START Extracted records
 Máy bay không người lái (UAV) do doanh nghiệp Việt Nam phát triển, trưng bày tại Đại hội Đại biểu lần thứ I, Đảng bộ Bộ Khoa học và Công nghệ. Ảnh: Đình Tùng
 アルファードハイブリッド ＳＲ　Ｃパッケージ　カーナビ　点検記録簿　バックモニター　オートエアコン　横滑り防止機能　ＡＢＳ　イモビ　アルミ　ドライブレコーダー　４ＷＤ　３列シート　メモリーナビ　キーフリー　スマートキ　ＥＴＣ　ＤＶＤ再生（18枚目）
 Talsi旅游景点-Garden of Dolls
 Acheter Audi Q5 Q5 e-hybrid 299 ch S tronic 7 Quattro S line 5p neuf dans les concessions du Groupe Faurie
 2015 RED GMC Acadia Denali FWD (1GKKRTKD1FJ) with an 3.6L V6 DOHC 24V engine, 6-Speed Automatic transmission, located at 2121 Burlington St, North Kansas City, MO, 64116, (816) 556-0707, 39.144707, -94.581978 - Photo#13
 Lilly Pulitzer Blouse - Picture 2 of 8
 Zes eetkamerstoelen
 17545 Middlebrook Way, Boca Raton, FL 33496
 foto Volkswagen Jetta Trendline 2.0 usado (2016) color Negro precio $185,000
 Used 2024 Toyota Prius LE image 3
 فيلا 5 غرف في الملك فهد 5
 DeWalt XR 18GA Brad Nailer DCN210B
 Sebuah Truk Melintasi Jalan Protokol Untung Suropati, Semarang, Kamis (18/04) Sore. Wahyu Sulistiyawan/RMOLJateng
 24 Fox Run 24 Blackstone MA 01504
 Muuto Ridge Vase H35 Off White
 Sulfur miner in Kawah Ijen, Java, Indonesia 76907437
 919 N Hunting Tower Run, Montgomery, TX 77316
END Extracted records
__Task item__: Out of the data above, set down the lines from the one with "Used 2024 Toyota Prius LE image 3" to the one with "Muuto Ridge Vase H35 Off White", both included, exactly as written and with no additions.

__Response area__:
 Used 2024 Toyota Prius LE image 3
 فيلا 5 غرف في الملك فهد 5
 DeWalt XR 18GA Brad Nailer DCN210B
 Sebuah Truk Melintasi Jalan Protokol Untung Suropati, Semarang, Kamis (18/04) Sore. Wahyu Sulistiyawan/RMOLJateng
 24 Fox Run 24 Blackstone MA 01504
 Muuto Ridge Vase H35 Off White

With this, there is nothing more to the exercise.